Fake proof that every nonempty subset of $\mathbb R$ has a maximum element

Question

Let $A \subseteq \mathbb{R}$ be nonempty and let sup(A)=$\alpha$. Then we have $$(\forall \epsilon > 0)(\exists x \in A)~x>\alpha-\epsilon$$ Note that $x > \alpha-\epsilon$ for all $\epsilon > 0$ implies $x \geq \alpha$. Additionally, $x \leq \alpha$ since $\alpha$ is an upper bound of A. Thus we get $x = \alpha$, which is not necessarily true. But I don't know where goes wrong.

Answer 1

The point is the order of the quantifiers matters.
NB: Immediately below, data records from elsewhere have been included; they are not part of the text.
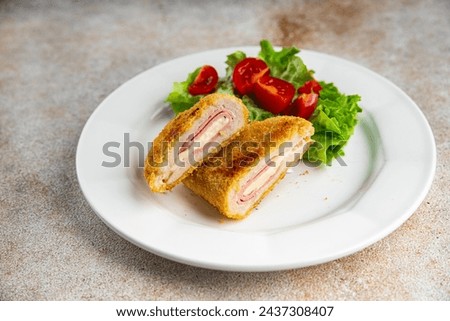 cutlet cordon bleu chicken meat, ham slice, cheese fresh food tasty eating cooking appetizer meal food snack on the table copy space food background rustic top view Royalty-Free Stock Photo #2437308407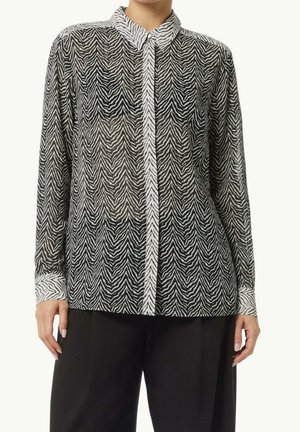 Langærmet bluse med zebra print, skjulte knapper, krave og hvide manchetter, båret med sorte bukser med vide ben.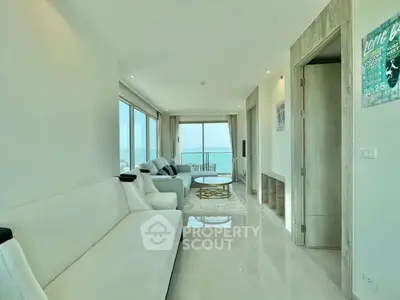 Luxurious living room with stunning ocean view and elegant white sofas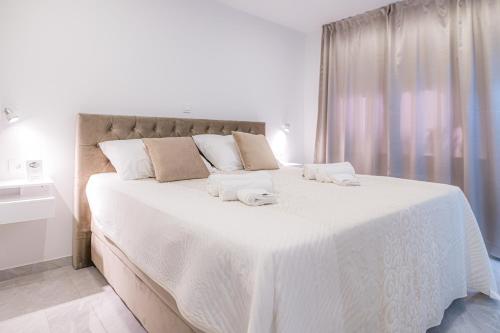 a bedroom with a large white bed with towels on it at Luxury rooms Green and Gold Split in Split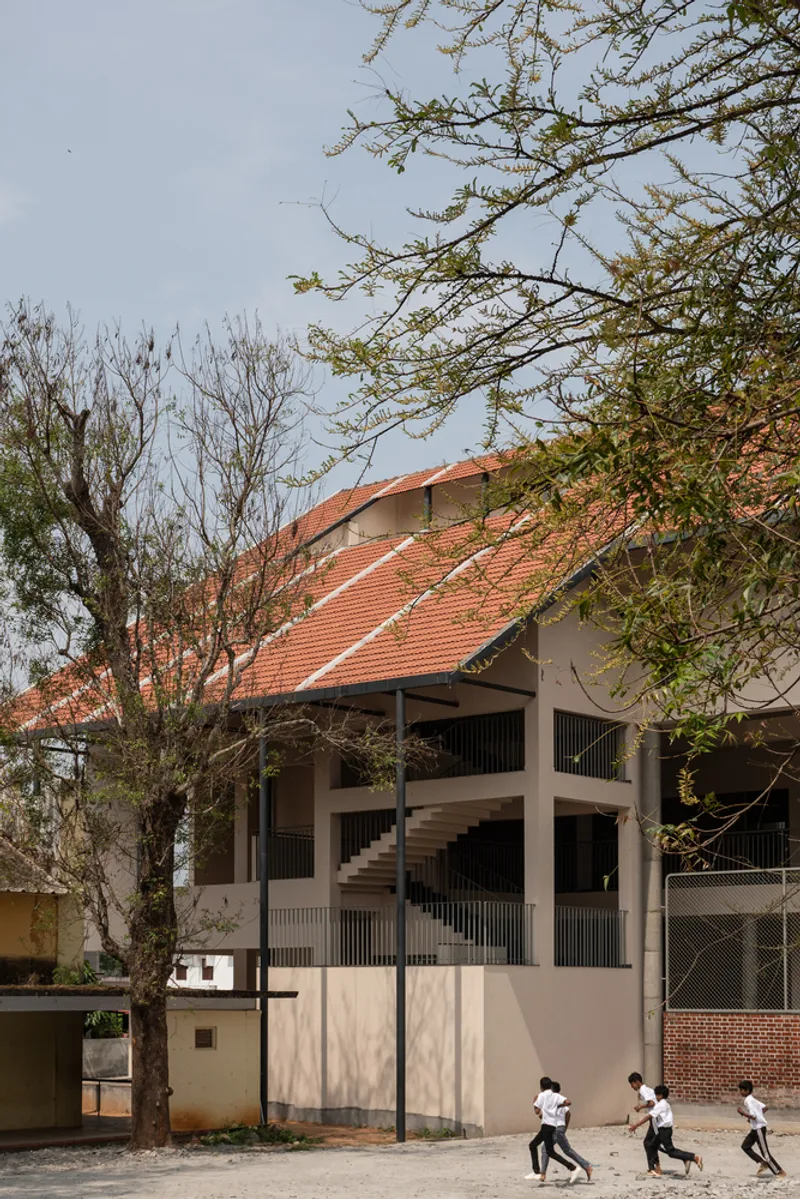 Corner view of the segmented terracotta roof volumes framed by trees with students running in the foreground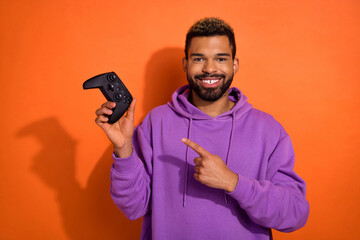 Portrait of satisfied funny cheerful guy use advises buy playstation point hand isolated on orange color background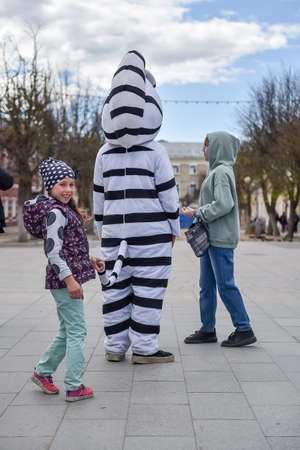 Russia, Gatchina, May 14, 2022: Animators in costume on the city street - work in advertisingのeditorial素材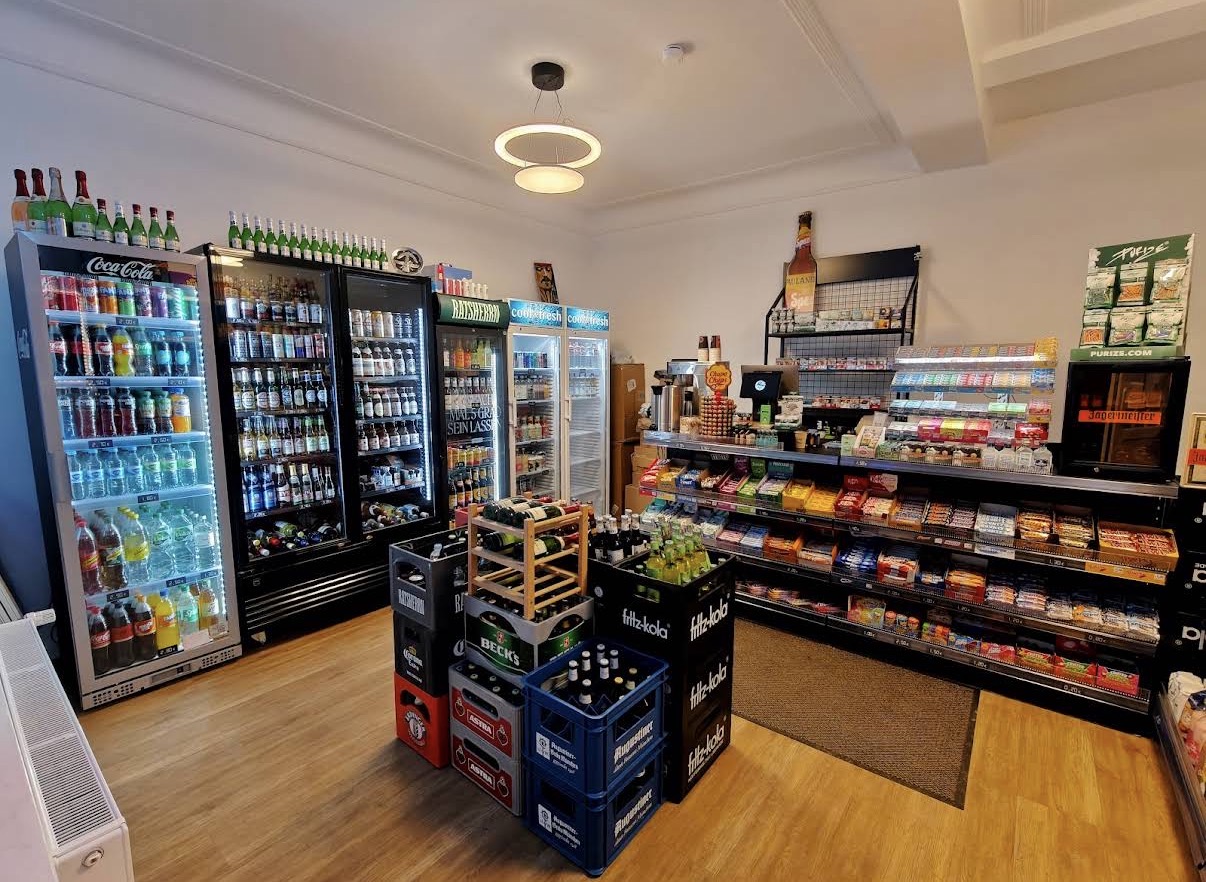 Heller Innenraum des Elbview Kiosk mit gut gefüllten Kühlschränken, Getränkekisten und Snack-Regalen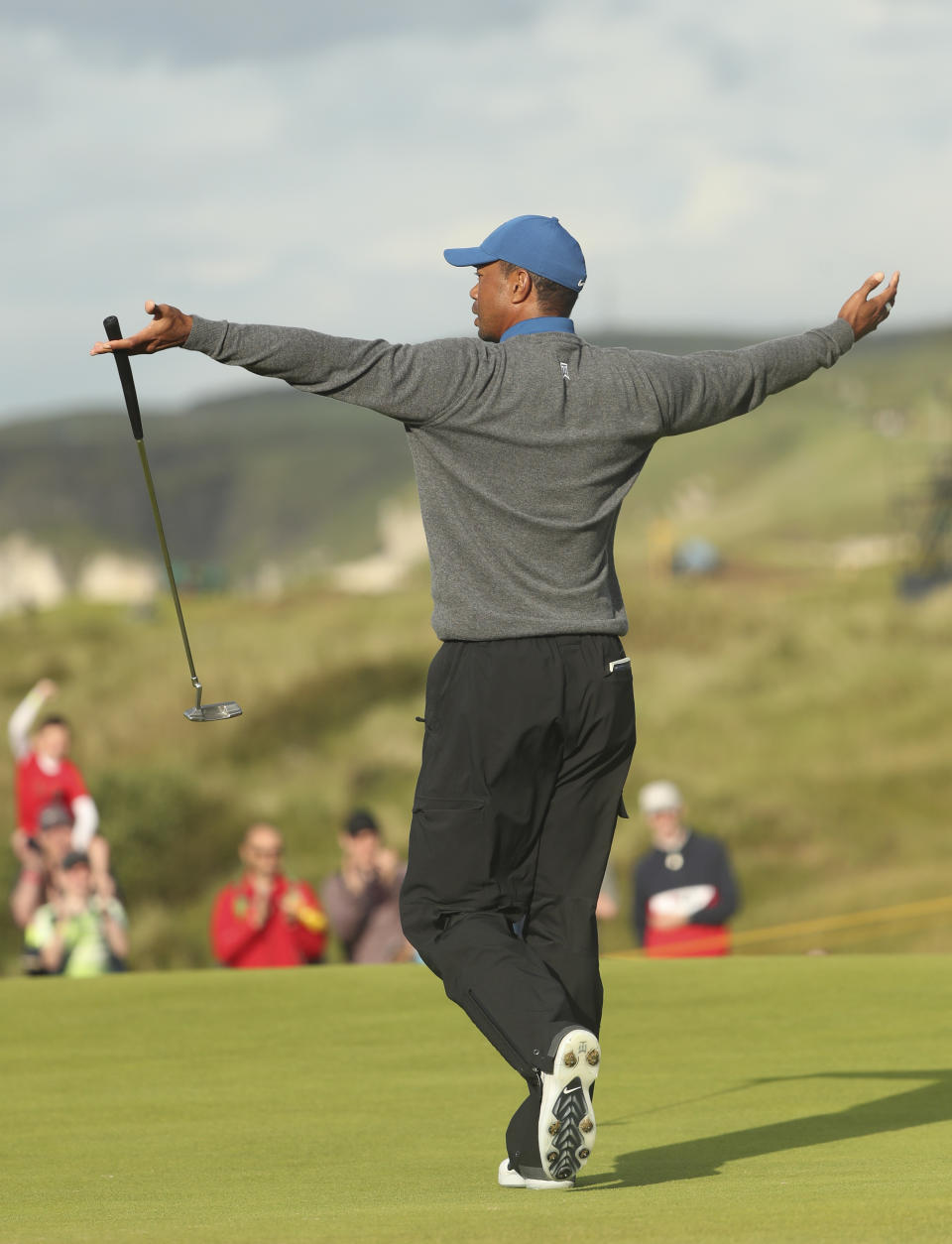 Tiger Woods of the United States celebrates after getting a birdie on the 16th green during the first round of the British Open Golf Championships at Royal Portrush in Northern Ireland, Thursday, July 18, 2019.(AP Photo/Jon Super)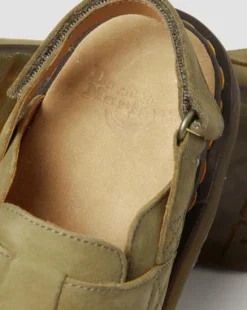 Jorge II mules i tumlat nubuckläder och bakre rem in Muted Olive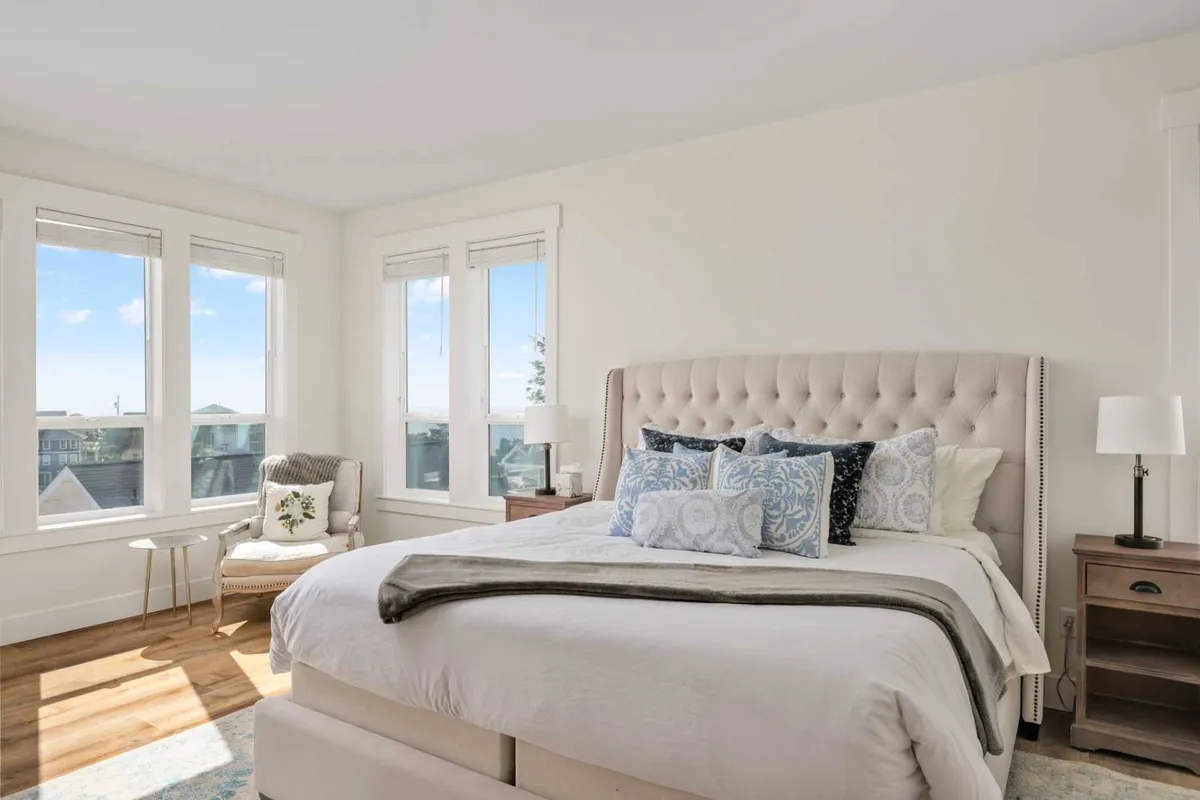 A serene bedroom featuring a plush bed, large windows allowing in natural light, an armchair, and a nightstand. The atmosphere is peaceful and inviting, perfect for morning coffee or a quiet moment of relaxation. The decor is soft and understated, emphasizing comfort and tranquility.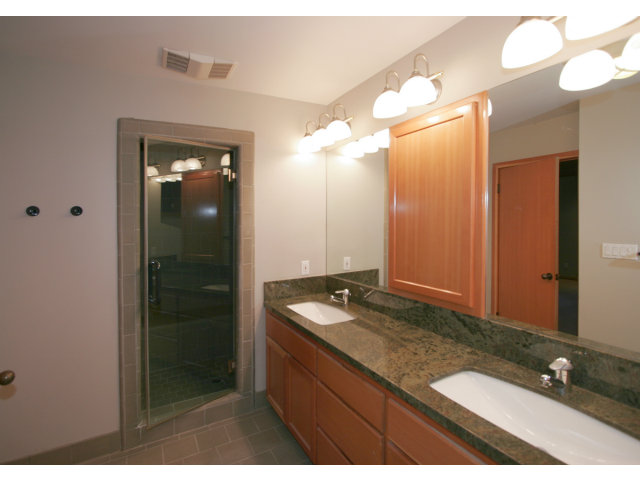 21 Martinez Road Woodside, CA 94062 - Photo 7 of 12 a bathroom with a granite countertop sink a mirror and a shower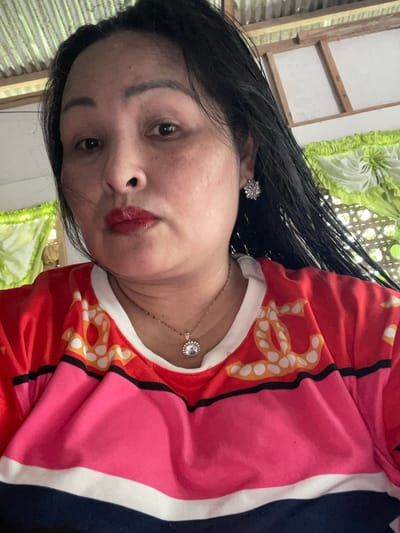 A woman with dark hair, red lipstick, and jewelry is in Hijo, Philippines. She wears a top with red, pink, black, white, and yellow patterns. The background includes what appears to be a window with a green and white curtain or covering.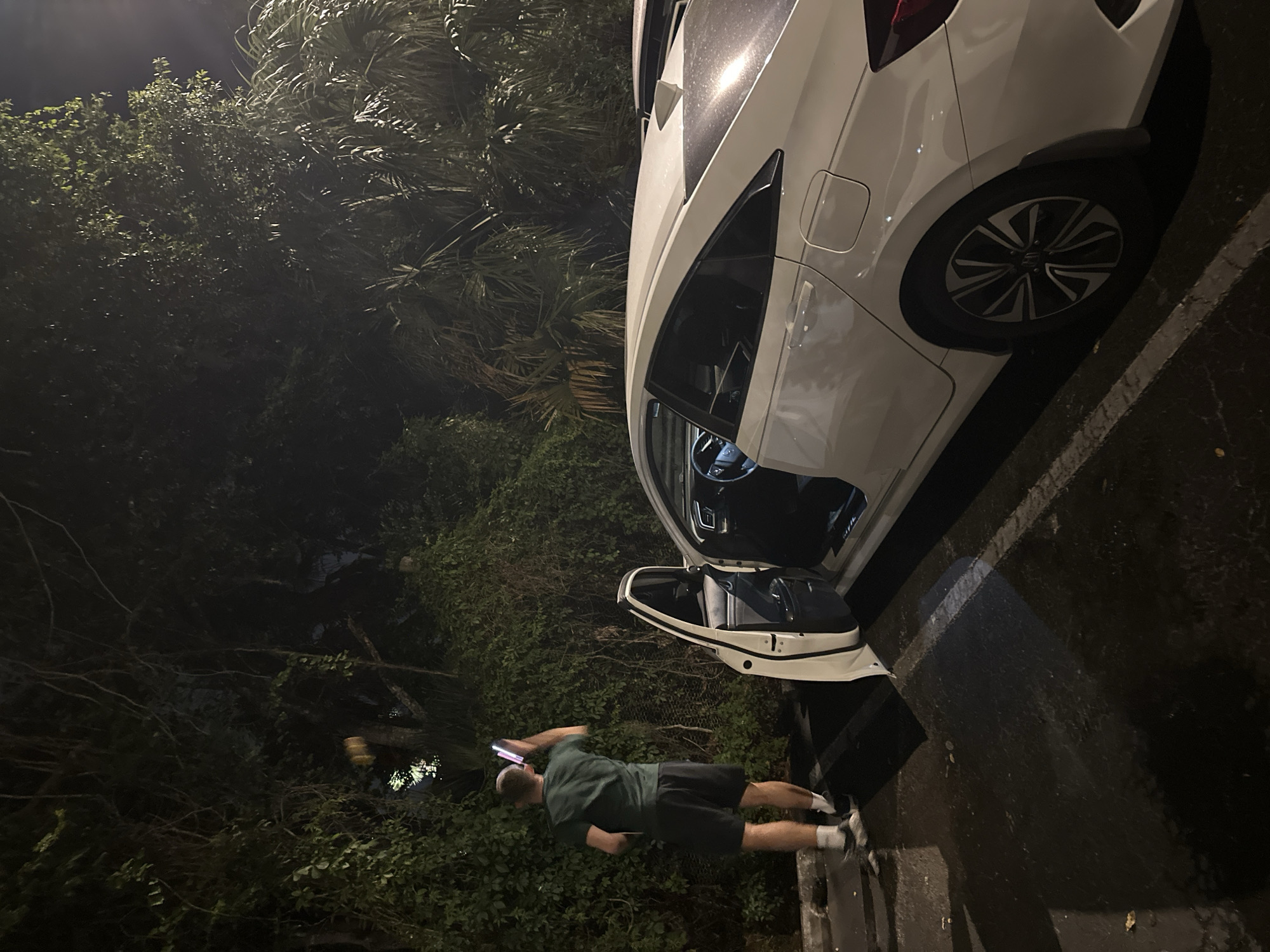 Man observed near white car at university campus nighttime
For each $\epsilon$, there is an $x$ which depends on $\epsilon$ such that $x>\alpha-\epsilon$. We’re not saying there is an $x$ such that for every $\epsilon$, $x>\alpha-\epsilon$.

Answer 2

Your error is here : for all $\varepsilon$, there exists an $x$ that is greater than $\alpha-\varepsilon$. Here, $x$ depends on $\varepsilon$ because the "there exists" comes after : you find $x$ after having chosen $\varepsilon$. Change $\varepsilon$ and the $x$ you found may not be greater than $\alpha-\varepsilon$.

For instance : let $\alpha=10$ and $\varepsilon=0.1$. Then $x=9.9999$ satisfies $x>\alpha-\varepsilon$.

Now let $\varepsilon=0.01$, then the same $x$ is suitable.

But let $\varepsilon=0.0000000000001$ and now your $x$ is not suitable, you have to find another $x$.